The most revealing letters date from the '20s and the '30s when Nehru is released from jail to accompany his ailing wife for treatment to European sanatoria. Ministering to Kamala in her slow, painful decline from tuberculosis and tending his nine-year-old daughter is a stressful business. He must write to ward off loneliness and to retain his sanity: "I write to you again so soon because I feel like doing so. The old year is passing as I write-and it is almost the stroke of midnight-and the desire to write to you...become strong within me. To send you all my love."

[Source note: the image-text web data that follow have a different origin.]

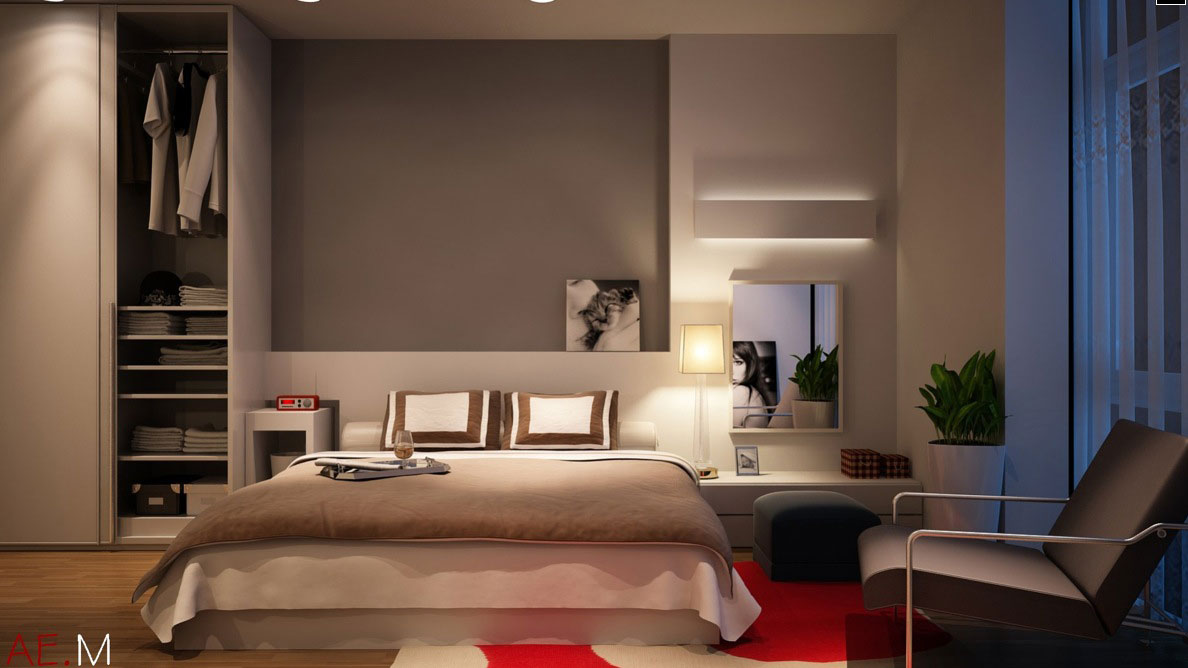  Gambar  Desain  Interior Minimalis  Desain  Kamar  Tidur  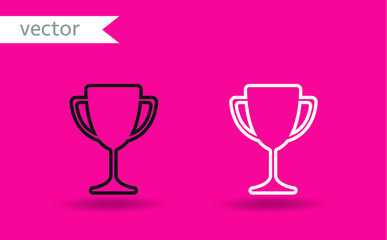 Goblet vector icon, symbol. White and black vector desgin. Modern, simple flat vector illustration for web site, mobile app or poster design.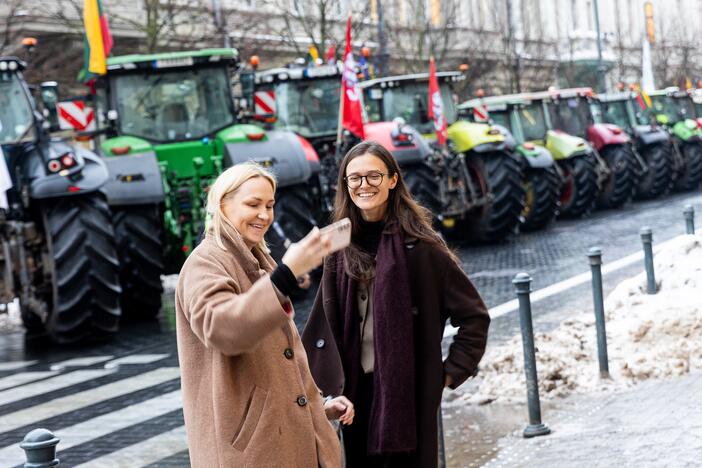 Protestuojantys ūkininkai Vilniuje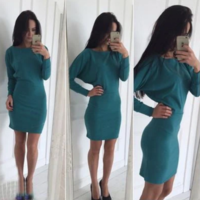 Sexy Long Sleeve Mini Dress - Thumbnail 3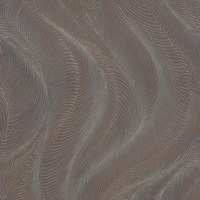 Opulenza Wave Vinyl Wallpaper Plum / Copper Metallic Rasch 659658
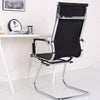 CHROME CANTILEVER FIXED BASE OFFICE CHAIR COMPUTER DESK MEETING ROOM HIGH BACK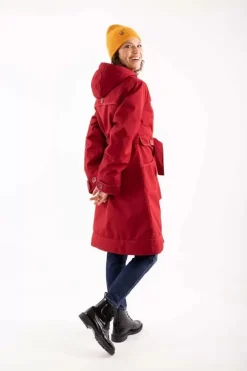Danefæ Winterjacken>Danelse Stretch Winter Jacket Dark Red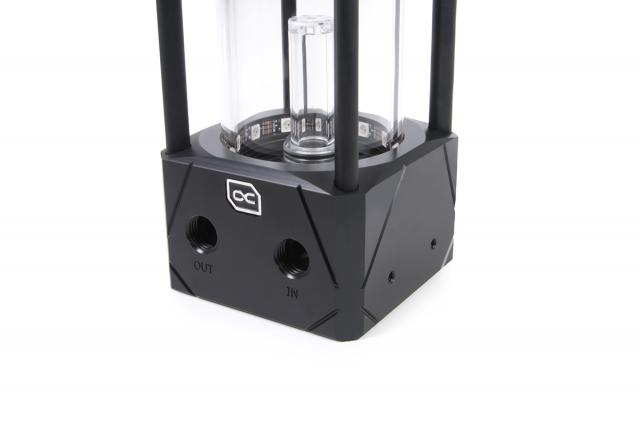 Резервоар Alphacool Eisbecher Aurora, D5 Acetal/Glas, 150mm 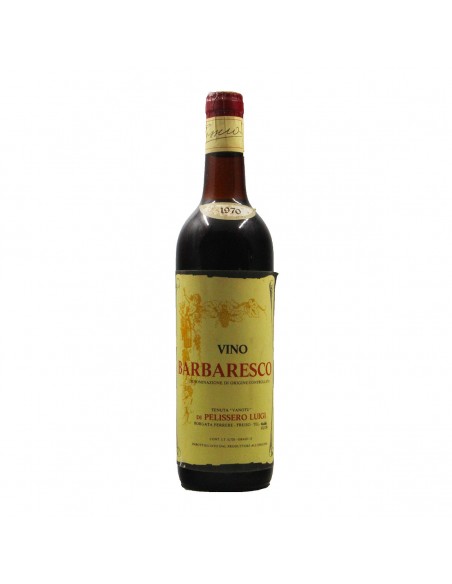 BARBARESCO 1970 PELISSERO LUIGI Grandi Bottiglie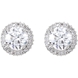 Picture of 2.50 Total Carat Halo Round Diamond Earrings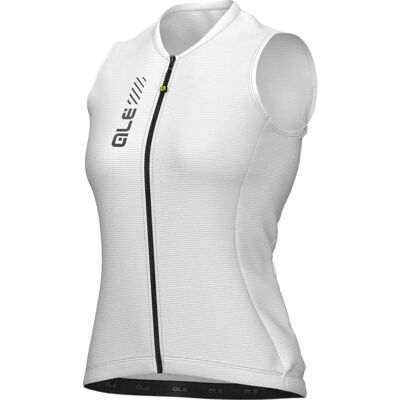 Alé PRAGMA Weiß ärmelloses Radtrikot Alé PRAGMA Weiß ärmelloses Radtrikot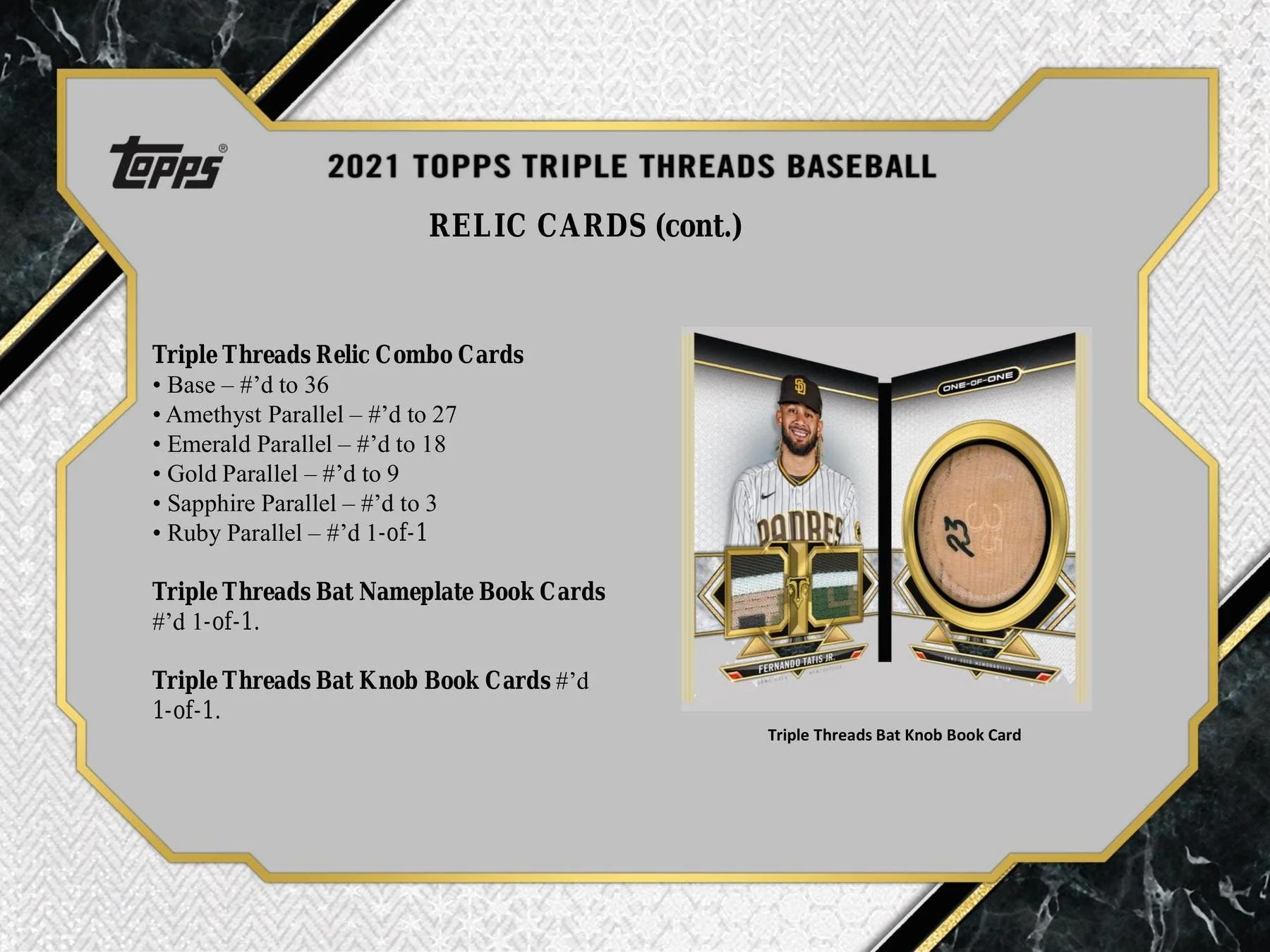 2021 Topps Triple Threads Baseball Hobby Box - Image 10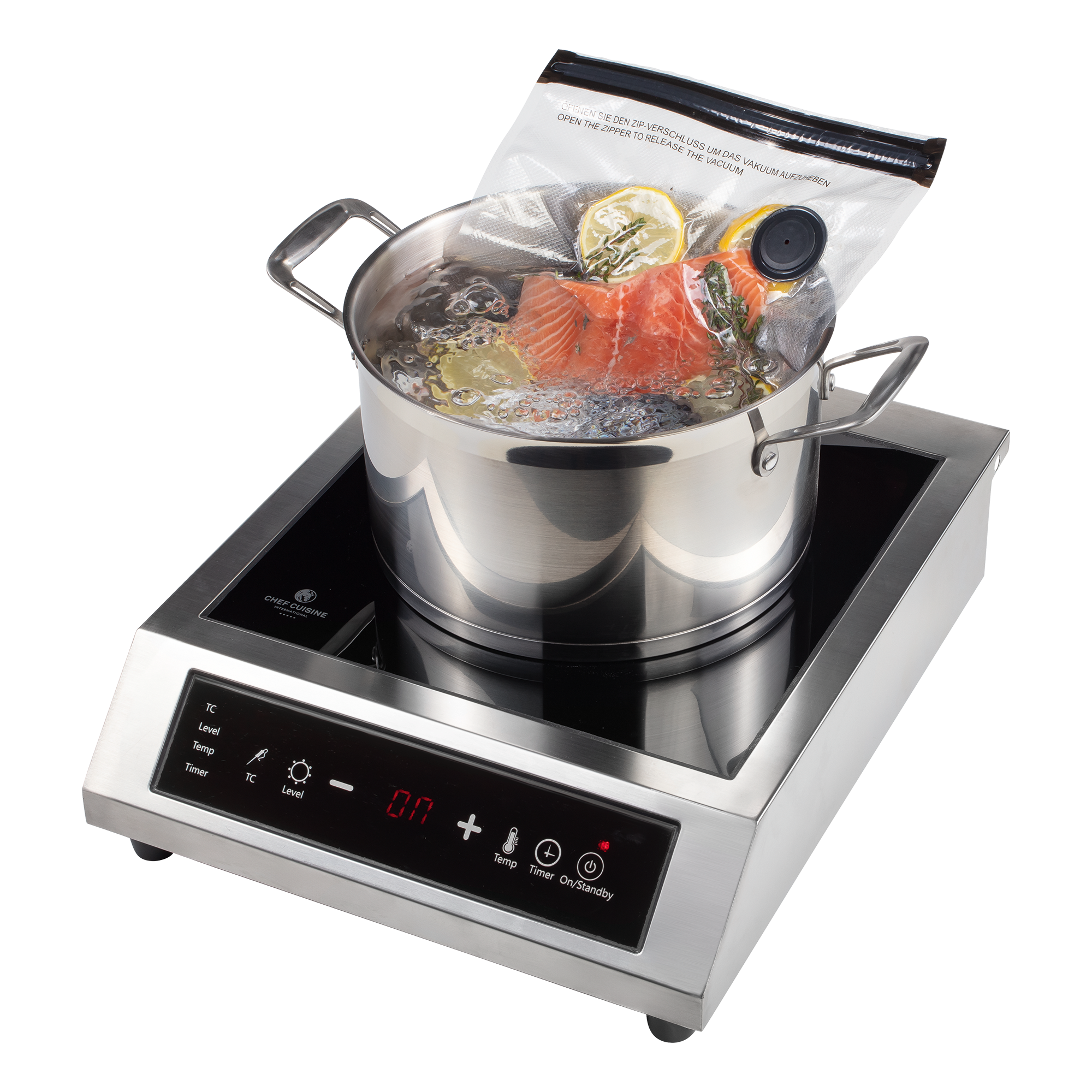 chef-cuisine-profi-gastro-induktionskochfeld-sous-vide-3500w image 5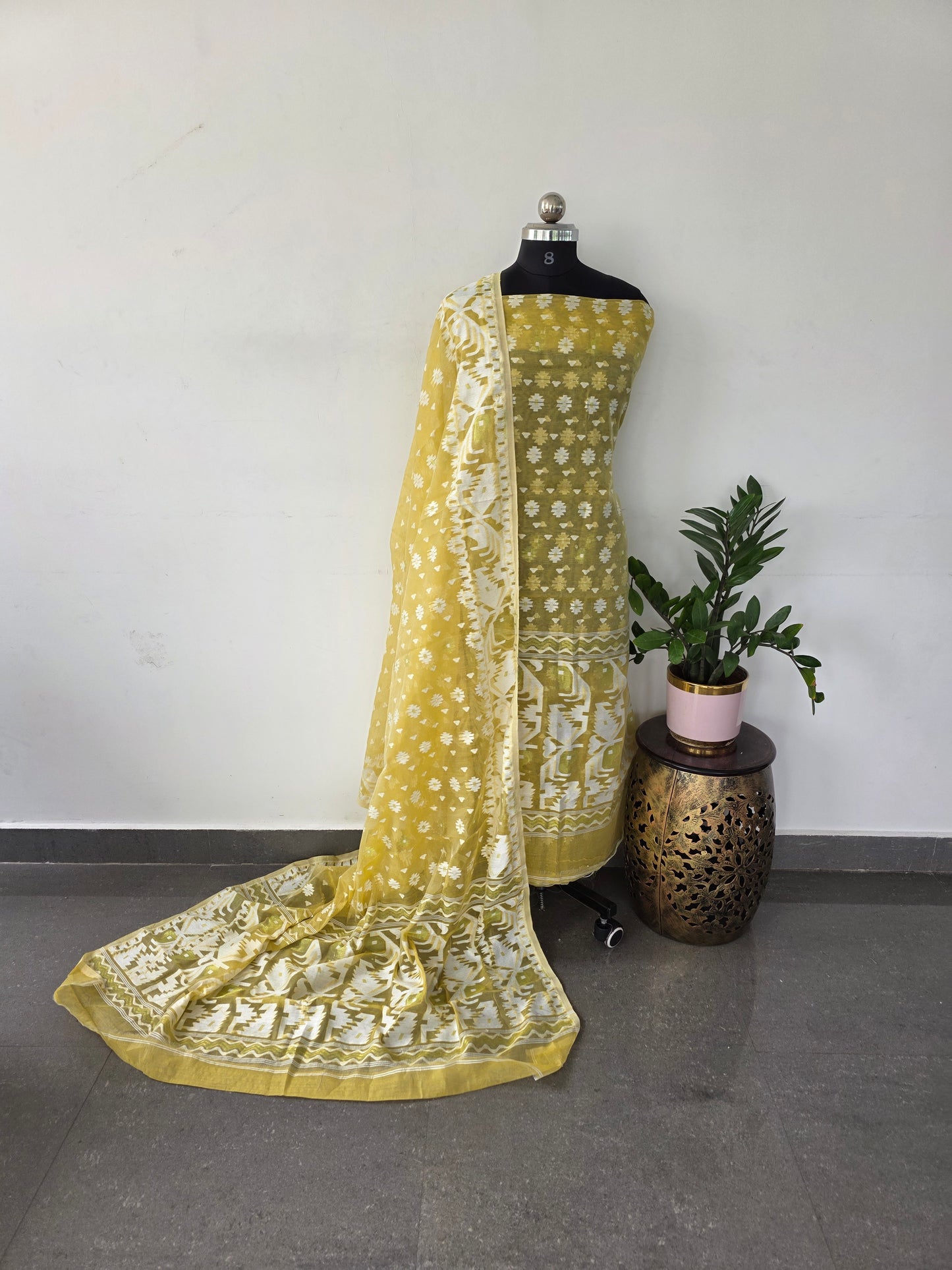 Jamdhani silk cotton set  - 39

Much of the remaining correspondence is from a scattering of jails, from Naini to Ahmednagar Fort. Amidst instructions and inquiries (Are the servants at Anand Bhawan being paid enough? Why won't Indu write more regularly?), critical opinion is trenchantly aired. "What am I to say about his (Ambedkar's) recent utterances? I can understand the background of his thought but I cannot understand how an intelligent man can ask others to change their religion. If the frying pan is hot there is no reason to jump into the fire." And not just about fellow politicians. He makes his dislike of a family memoir his younger sister Krishna has written quite plain. He pricks Nan's self-importance when she is elected to the pre-Independence UP legislature with teasing rhymes about the "ignorance" of cabinet ministers. And he is blunt about Feroze Gandhi's prospects. (Among the gems here is a grovelling letter from Feroze to Vijayalakshmi declaring his love for Indira). Nor does Nehru's eye spare his own shortcomings, deploring a tendency to vent "airy, vague nothings".
In an excellent introduction, Vijayalakshmi Pandit's daughter Nayantara Sahgal asks: "Who, after all, writes a letter any more? In an era of instant communication, letter-writing is going the way of all contemplative private pursuits." She then recounts the mysterious unavailability of Vijayalakshmi's replies to Jawaharlal. Her efforts to trace them at the Nehru Memorial Library were in vain. If they have disappeared, it is a comment on the state of the national archives, a scandal worth an official inquiry. And if they have been deliberately withheld from general scrutiny, it is no less an outrage. These letters-in which public roles and private affairs merge into an unselfconscious and seamless whole-are the primary tools of history. Without them, it would be impossible to appraise the lives of the men and women who helped shape free India.